Stored dataset items

################

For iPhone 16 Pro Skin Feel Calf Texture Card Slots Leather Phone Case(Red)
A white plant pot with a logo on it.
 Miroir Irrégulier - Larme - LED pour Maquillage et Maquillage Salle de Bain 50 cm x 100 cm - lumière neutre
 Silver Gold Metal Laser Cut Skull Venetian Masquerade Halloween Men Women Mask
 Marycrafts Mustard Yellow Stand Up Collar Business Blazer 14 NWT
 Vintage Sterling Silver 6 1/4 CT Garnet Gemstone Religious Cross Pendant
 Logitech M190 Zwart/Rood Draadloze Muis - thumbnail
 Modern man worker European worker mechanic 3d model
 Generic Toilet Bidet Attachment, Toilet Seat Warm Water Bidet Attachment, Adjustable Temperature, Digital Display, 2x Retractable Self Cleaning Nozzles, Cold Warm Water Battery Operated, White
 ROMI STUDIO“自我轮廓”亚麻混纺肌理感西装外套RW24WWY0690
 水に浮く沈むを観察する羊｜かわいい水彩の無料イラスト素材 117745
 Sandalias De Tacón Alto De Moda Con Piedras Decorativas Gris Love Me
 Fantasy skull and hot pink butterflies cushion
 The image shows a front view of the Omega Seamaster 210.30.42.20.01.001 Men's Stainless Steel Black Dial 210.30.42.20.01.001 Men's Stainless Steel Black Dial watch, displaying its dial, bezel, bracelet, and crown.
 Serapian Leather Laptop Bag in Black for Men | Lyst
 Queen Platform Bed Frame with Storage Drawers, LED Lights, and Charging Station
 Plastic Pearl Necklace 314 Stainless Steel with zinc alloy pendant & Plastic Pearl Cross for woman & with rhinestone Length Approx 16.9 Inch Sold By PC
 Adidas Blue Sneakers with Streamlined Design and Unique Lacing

################

TASK TO COMPLETE: Which lines above carry the string "Silver"? Copy those lines.

OUTPUT BELOW:
 Silver Gold Metal Laser Cut Skull Venetian Masquerade Halloween Men Women Mask
 Vintage Sterling Silver 6 1/4 CT Garnet Gemstone Religious Cross Pendant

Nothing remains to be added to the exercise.